◆ Source information
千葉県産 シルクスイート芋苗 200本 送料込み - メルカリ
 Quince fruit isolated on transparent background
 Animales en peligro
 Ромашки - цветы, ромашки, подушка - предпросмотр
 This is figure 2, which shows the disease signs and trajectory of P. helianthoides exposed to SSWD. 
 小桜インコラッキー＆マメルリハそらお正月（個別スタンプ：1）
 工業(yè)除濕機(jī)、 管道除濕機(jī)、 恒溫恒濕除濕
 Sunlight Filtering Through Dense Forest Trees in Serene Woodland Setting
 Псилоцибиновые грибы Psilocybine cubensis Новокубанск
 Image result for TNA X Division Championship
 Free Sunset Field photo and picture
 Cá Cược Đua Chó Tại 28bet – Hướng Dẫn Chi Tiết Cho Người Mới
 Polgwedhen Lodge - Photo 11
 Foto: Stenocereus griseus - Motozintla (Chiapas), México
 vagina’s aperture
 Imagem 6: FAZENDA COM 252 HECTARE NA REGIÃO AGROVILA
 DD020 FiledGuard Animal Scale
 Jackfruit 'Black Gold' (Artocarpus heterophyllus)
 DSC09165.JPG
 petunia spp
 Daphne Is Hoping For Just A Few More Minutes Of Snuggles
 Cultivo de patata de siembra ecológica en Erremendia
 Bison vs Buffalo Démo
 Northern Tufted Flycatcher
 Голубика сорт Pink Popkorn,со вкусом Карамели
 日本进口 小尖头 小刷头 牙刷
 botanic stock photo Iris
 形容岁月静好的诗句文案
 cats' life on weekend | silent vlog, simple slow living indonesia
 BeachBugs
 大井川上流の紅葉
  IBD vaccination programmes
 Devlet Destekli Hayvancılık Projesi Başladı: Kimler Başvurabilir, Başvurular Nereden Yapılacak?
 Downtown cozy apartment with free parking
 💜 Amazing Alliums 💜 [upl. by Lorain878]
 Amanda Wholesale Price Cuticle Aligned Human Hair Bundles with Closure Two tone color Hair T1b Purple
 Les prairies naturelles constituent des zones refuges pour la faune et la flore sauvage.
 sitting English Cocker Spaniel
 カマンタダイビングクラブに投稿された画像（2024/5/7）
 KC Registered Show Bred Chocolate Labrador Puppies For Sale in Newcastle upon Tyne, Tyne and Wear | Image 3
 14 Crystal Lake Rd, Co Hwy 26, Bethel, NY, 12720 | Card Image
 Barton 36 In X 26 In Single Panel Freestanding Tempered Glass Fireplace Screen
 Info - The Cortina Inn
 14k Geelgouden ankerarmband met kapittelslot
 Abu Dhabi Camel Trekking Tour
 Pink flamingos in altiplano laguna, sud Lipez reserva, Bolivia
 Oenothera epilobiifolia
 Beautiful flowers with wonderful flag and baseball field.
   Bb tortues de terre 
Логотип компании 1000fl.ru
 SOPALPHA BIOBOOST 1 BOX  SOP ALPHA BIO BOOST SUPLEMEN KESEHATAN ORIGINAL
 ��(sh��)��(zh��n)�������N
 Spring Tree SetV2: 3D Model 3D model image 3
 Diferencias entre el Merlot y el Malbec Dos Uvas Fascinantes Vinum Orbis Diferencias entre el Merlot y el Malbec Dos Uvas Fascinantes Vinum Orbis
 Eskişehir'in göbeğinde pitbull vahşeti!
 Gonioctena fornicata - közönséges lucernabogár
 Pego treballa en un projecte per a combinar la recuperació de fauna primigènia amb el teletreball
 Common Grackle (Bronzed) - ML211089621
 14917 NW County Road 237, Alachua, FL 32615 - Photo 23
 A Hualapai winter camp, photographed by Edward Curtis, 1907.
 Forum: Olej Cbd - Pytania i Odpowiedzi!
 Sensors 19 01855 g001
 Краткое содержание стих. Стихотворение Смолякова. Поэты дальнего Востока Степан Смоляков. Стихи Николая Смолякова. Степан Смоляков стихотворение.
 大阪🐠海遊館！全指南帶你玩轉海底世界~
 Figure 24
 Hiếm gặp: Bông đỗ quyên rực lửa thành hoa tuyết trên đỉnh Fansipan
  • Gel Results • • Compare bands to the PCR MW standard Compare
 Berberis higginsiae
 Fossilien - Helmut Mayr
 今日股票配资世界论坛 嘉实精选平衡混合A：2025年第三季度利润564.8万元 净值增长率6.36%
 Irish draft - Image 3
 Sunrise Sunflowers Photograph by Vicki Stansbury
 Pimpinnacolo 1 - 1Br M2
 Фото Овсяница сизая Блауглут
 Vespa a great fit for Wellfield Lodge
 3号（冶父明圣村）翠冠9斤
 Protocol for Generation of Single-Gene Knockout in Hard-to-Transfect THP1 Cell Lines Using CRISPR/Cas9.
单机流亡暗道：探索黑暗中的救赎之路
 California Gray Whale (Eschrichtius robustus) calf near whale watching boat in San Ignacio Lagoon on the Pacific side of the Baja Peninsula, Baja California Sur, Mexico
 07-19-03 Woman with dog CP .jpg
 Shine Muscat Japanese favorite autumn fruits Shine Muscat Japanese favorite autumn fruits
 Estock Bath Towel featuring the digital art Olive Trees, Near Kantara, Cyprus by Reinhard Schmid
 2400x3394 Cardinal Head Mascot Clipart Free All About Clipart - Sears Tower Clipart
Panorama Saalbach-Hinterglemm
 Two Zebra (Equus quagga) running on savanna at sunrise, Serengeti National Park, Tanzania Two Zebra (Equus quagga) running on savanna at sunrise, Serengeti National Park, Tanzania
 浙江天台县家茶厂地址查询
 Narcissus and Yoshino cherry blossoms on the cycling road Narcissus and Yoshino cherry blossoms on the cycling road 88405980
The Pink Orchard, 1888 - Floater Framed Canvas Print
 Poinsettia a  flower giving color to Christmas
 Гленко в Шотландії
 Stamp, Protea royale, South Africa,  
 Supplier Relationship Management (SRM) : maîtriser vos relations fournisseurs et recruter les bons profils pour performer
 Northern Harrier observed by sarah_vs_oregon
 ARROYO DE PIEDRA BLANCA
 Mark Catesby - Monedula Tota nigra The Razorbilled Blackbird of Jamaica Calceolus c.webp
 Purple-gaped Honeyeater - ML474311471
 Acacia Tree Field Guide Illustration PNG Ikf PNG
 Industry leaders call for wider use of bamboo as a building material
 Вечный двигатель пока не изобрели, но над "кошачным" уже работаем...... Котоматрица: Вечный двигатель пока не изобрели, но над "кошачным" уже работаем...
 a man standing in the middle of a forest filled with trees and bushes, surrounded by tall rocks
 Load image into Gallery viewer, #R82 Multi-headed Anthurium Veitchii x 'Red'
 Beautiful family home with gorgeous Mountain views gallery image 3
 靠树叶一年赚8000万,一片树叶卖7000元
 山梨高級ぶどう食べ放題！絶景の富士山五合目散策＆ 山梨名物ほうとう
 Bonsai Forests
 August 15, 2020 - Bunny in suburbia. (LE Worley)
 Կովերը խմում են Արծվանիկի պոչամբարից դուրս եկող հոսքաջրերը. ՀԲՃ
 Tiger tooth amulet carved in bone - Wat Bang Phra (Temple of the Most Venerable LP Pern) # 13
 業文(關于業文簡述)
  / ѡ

◆ Goal of the exercise
Take every line from the records above that has the word "Lodge" and copy it.

◆ Exercise answer
 Polgwedhen Lodge - Photo 11
 Vespa a great fit for Wellfield Lodge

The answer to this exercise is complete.